Last Saturday, we finally had a free day to focus on the changes. But first, Shaun said we needed to back up my blog to his computer…just to make sure that, if any of the changes caused any problems, we’d have a copy of everything.

This is the first time we have ever done this.

Two days later, my blog crashed. Apparently, there were tables with information in the database that had grown much too large due to a bug in a plug-in, and my entire site just shut down out of sheer exhaustion from having to carry the weight of all of that info (NOT a technical explanation, I realize…but one that many mamas will be able to relate to).

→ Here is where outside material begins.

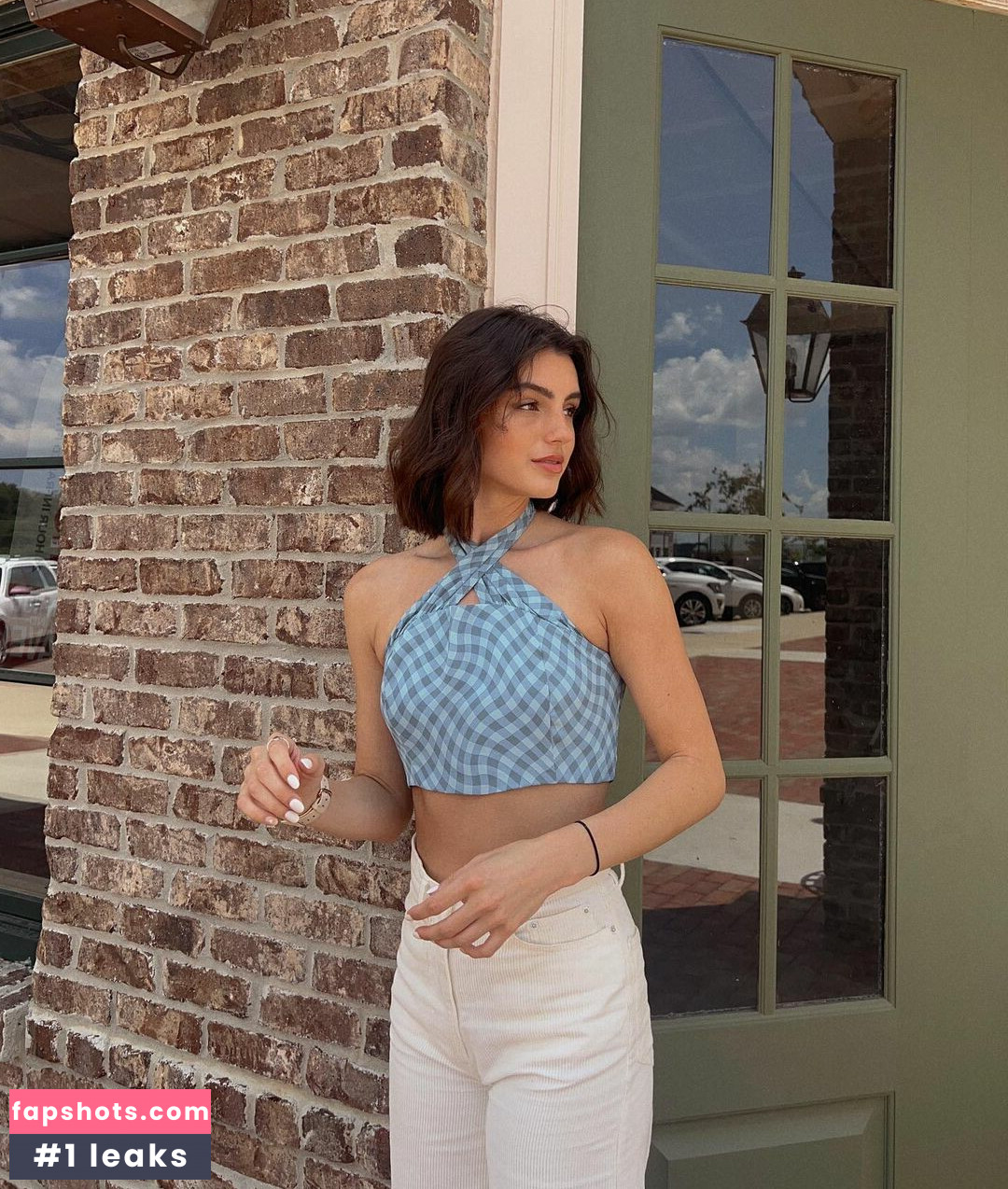 Savanna Demers gallery photo #2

It had nothing to do with our backing it up, and the back up took so long that we never got around to changing anything on the site. In other words, we did nothing to cause the crash. It. was. going. to. happen. We just didn’t know it.

But God did.

And I firmly believe that he prompted my husband to do the backup of everything…two days before…for the first time in seven years. And because of that, once we figured out and fixed the problem with the database, we were able to restore all of that saved info. spilled milk

Are y’all picking up what I’m laying down? It’s hardly water into wine, but I do consider the fact that my blog still exists an absolute gracious miracle of God.

Why do I say all of this?

Well, first of all as an Ebenezer. I want this blog here to be able to look back on when I (inevitably) begin to wonder whether I should take this or that silly little ol’ thing that’s making me anxious to the Lord.

And maybe as an encouragement for you too. I don’t know most of your circumstances. However, I do KNOW that God cares about them because he loves you. I knew that before he used a toddler to make sure I woke up on time or made sure we backed up my blog so it wouldn’t disappear. But I sure am grateful that he saw fit to give me those little windows through which to glimpse his love.

Maybe you’re struggling with something you think is too minor to take to God. Or maybe you’re staggering under the weight of something that feels too big for God. Neither is true.

Like the old song says:

“Let not your heart be troubled,” His tender word I hear,

And resting on His goodness, I lose my doubts and fears;

Though by the path He leadeth, but one step I may see;

His eye is on the sparrow, and I know He watches me;

His eye is on the sparrow, and I know He watches me.